■ **WHAT THE TASK ASKS**:
The required answer is an exact copy of every line from the beginning of the entries through the line with "Lake Travis webcam, July 8, 2017 10:55 AM CT", with all pictures omitted.

(RECORDS PROVIDED Opens)

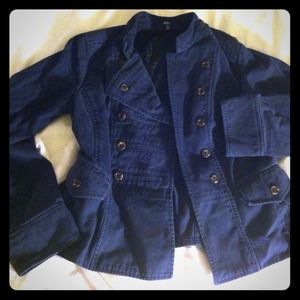 Mossimo Navy Crop Military Style Coat Jacket Med
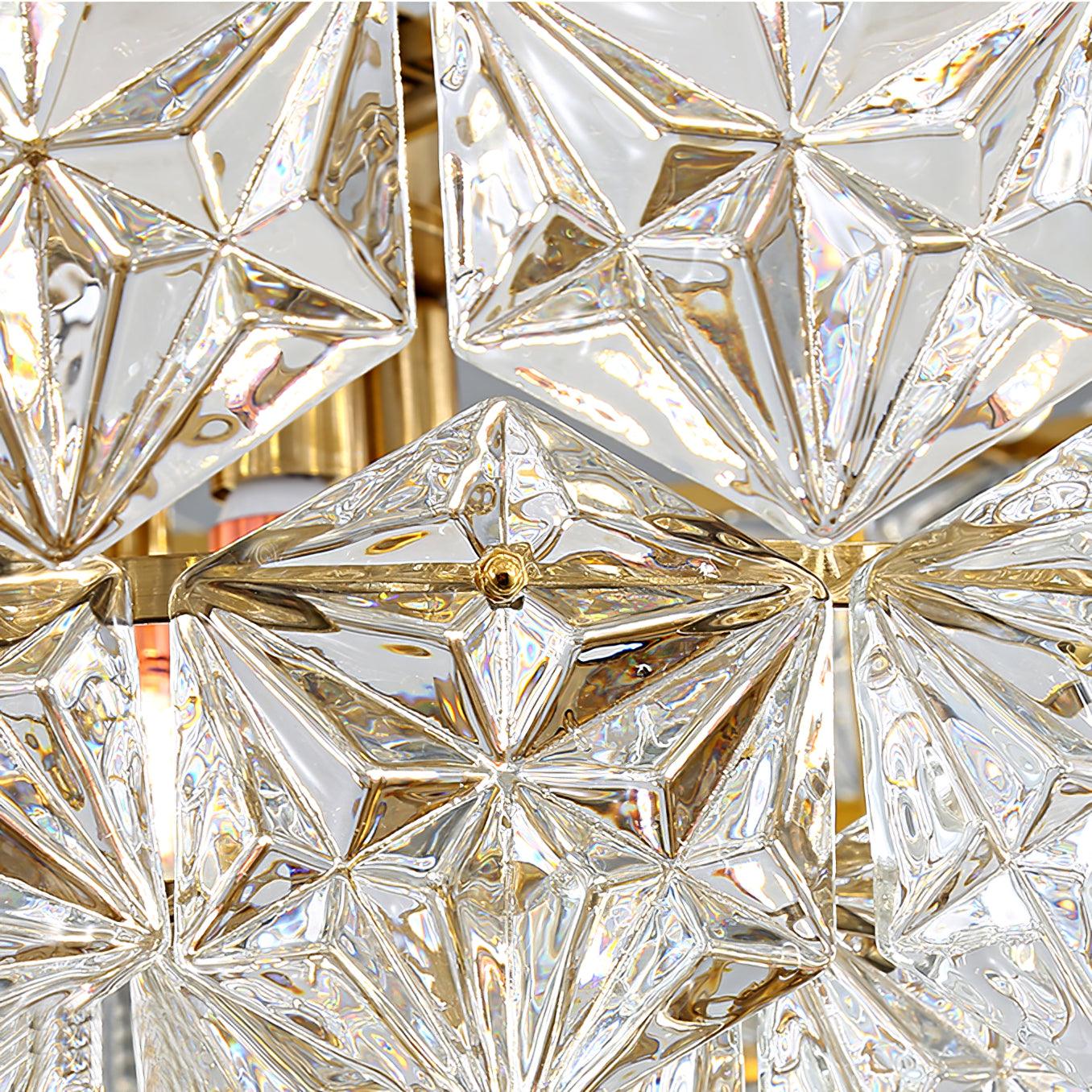 Modern Luxury Snowflake Glass Chandelier Gold Round Crystal Pendant Lighting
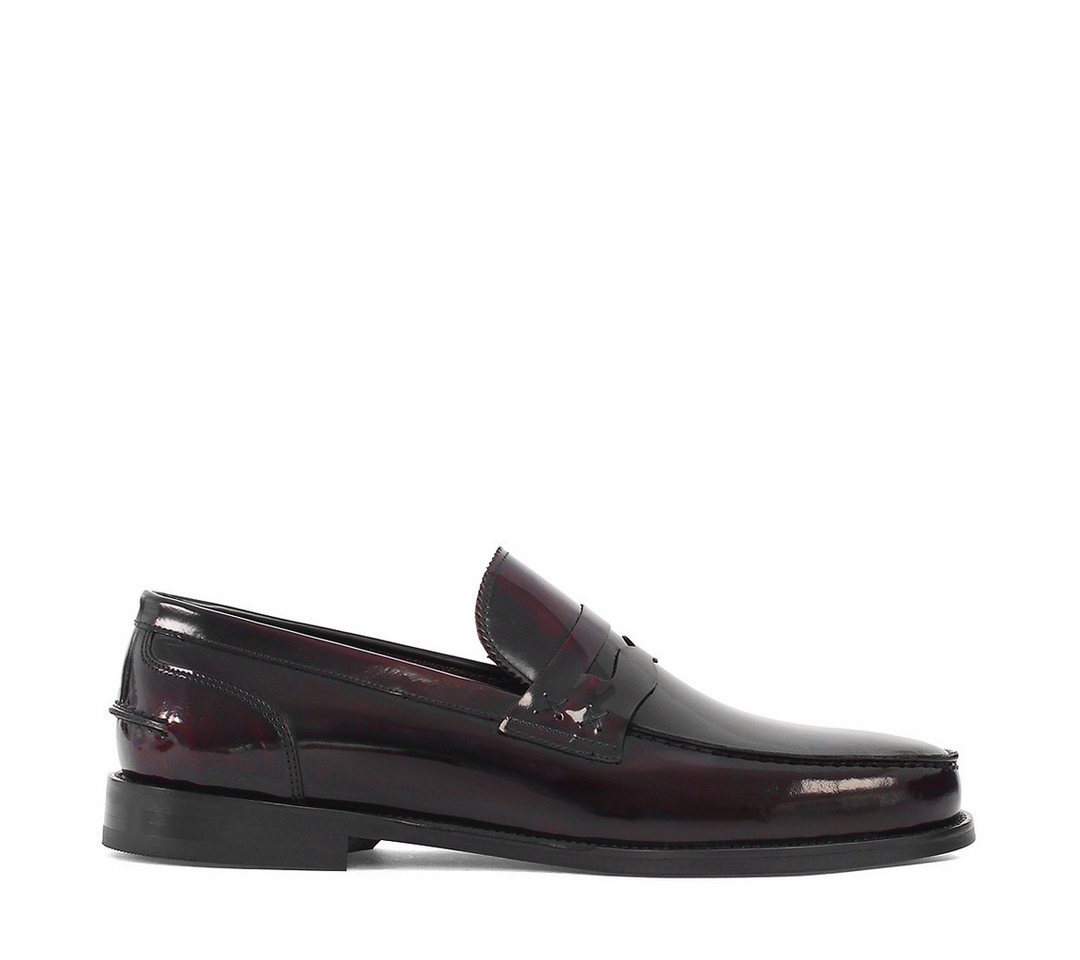 Celal Gültekin Business Penny Loafer Blockabsatz Hochglanz Herren Loafer Echtleder Hochglanz, Penny-Steg, Mokassin-Naht, Bordeaux, 43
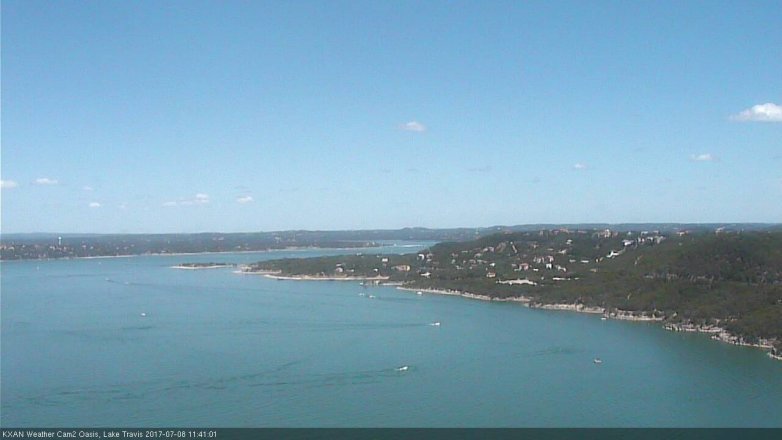 Lake Travis webcam, July 8, 2017 10:55 AM CT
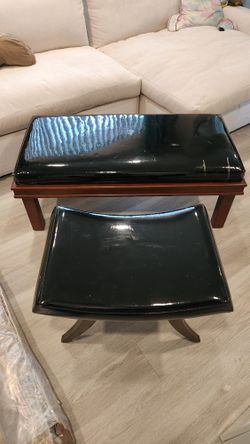 Wooden Bench & Stool, Upholstery/ Leather - BLK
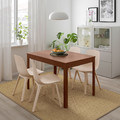 EKEDALEN / ODGER Table and 4 chairs, brown, white beige, 120/180 cm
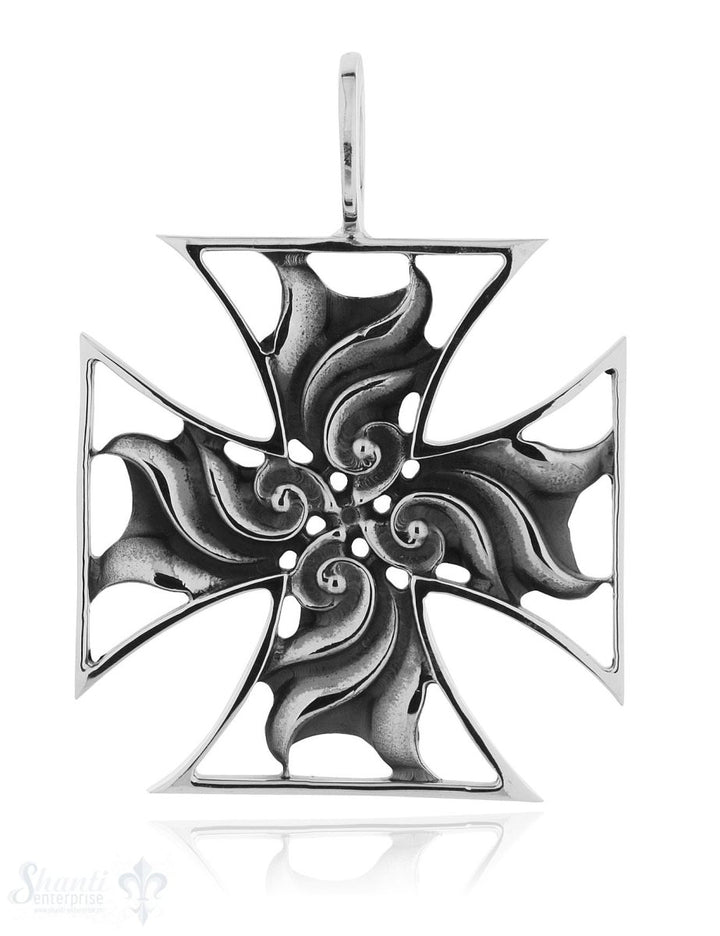 Anhänger Silber geschwärzt Kreuz verziert 49x49 mm - Shanti Enterprise AG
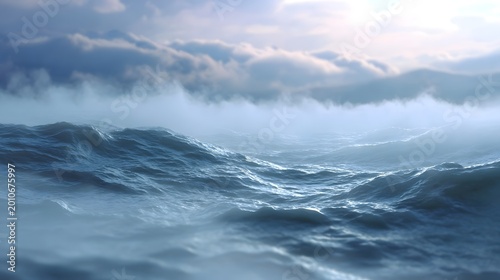 Mysterious seascape capturing gentle waves meeting a veil of ethereal mist under a dramatic cloudy sky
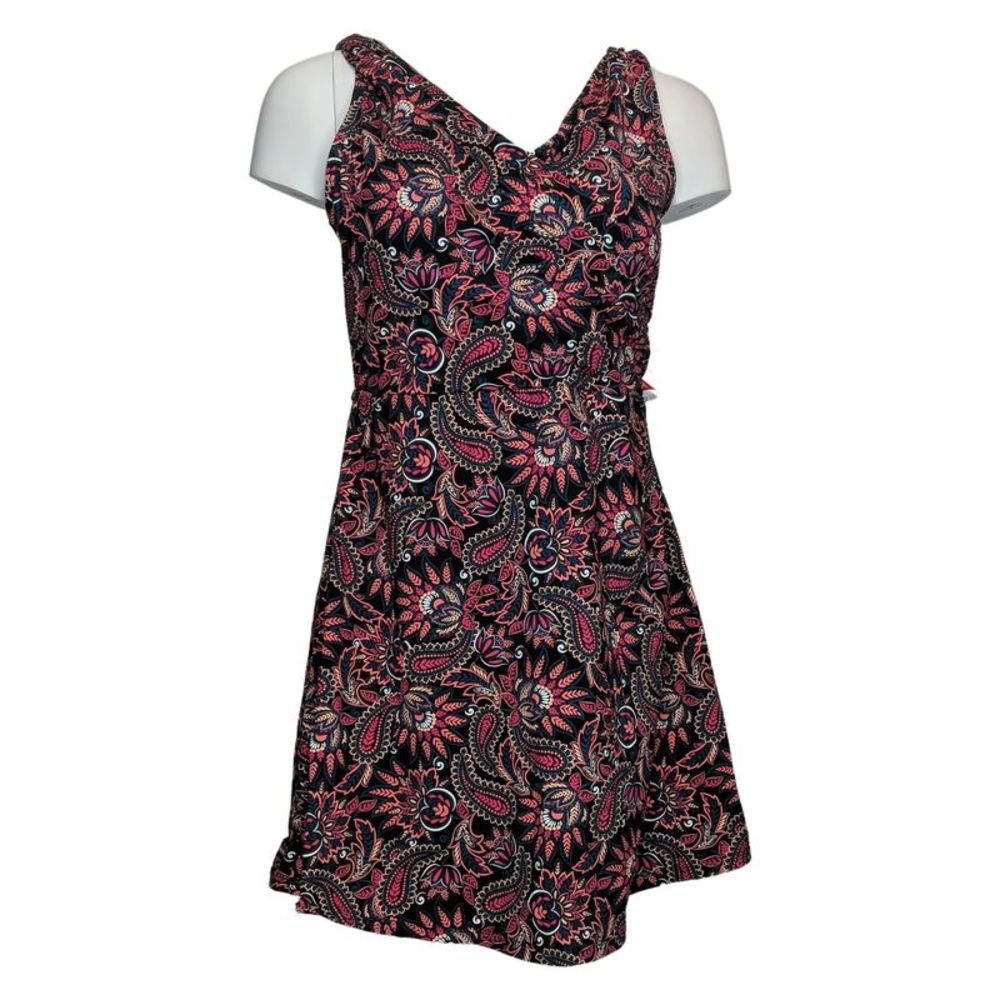 Lands' End Women's Swimsuit Sz 8 Surplice Swim Dress Black A568243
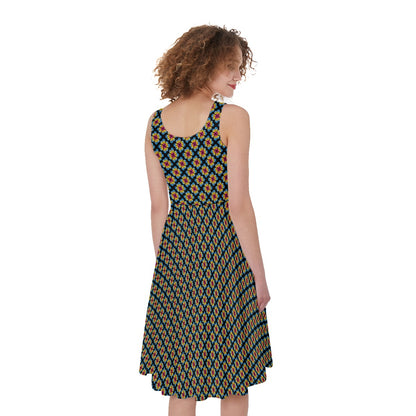 Heart Flowers Pattern Sleeveless A-Line Dress | Choose Your Colourway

(RECORDS PROVIDED Closes)

■ **REPLY**:
 Mossimo Navy Crop Military Style Coat Jacket Med
 Modern Luxury Snowflake Glass Chandelier Gold Round Crystal Pendant Lighting
 Celal Gültekin Business Penny Loafer Blockabsatz Hochglanz Herren Loafer Echtleder Hochglanz, Penny-Steg, Mokassin-Naht, Bordeaux, 43
 Lake Travis webcam, July 8, 2017 10:55 AM CT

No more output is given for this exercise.